Une question de gouvernance

Ainsi nous entrons dans une ère de la « surgouvernance » : toujours plus de segments de nos vies sont soumis à de la régulation. En réponse à cette hypertrophie normative, on assiste à une surenchère des garanties de protection de la vie privée. Cela étant couplé au processus d’individualisation de l’expérience, on observe le développement d’une segmentation du débat public. On peut citer à ce sujet le phénomène des bulles de filtres sur les réseaux sociaux qui, via les algorithmes, opèrent un filtrage d’informations isolant intellectuellement les utilisateurs, confrontés qu’à des contenus renforçant leurs convictions. Une diminution du commun qui rend difficile la remise en question de ce modèle émergeant. Pourtant, la problématique de la création de sujets à la hauteur de cette nouvelle gouvernementalité n’a jamais été autant d’actualité. Les standards auxquels nous nous référons n’étant plus adaptés aux mutations des rationalités de gouvernance.
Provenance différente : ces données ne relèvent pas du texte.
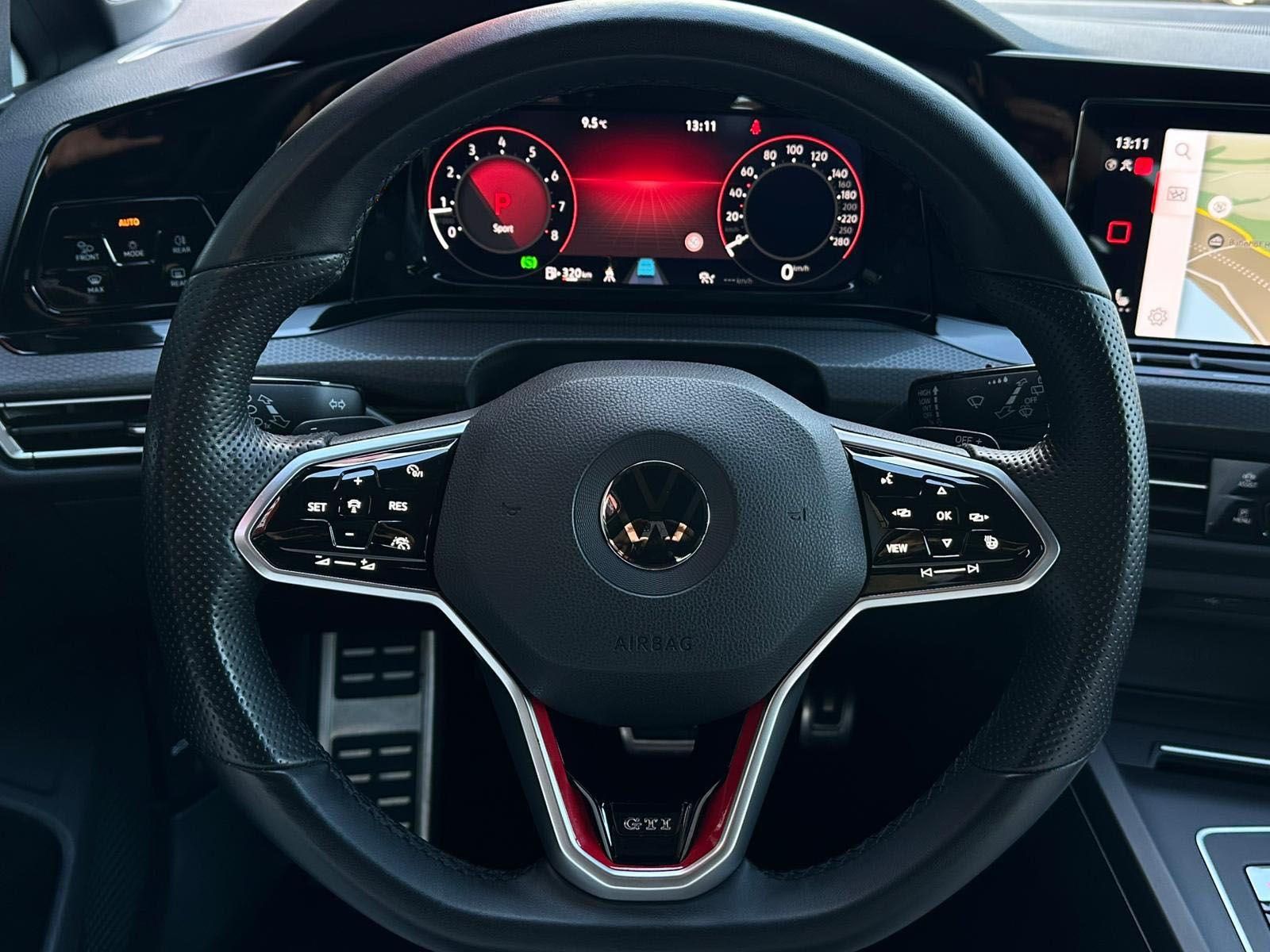 Volkswagen Golf 2.0TSI GTI HUD#H&K#MATRIX#LH#KEYL#ACC#CAM foto 11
  1. Antoinette Rouvroy et Thomas Berns, « Gouvernementalité algorithmique et perspectives d’émancipation », dans Réseaux, no 177, 2013, pp. 163-196.
  2. « Les big data | Antoinette Rouvroy », conférence en ligne diffusée sur la chaîne YouTube PointCulture TV, 17 février 2016.
  3. Chris Anderson, « The end of theory: The data deluge makes the scientific method obsolete », dans Wired, no 6, 2008.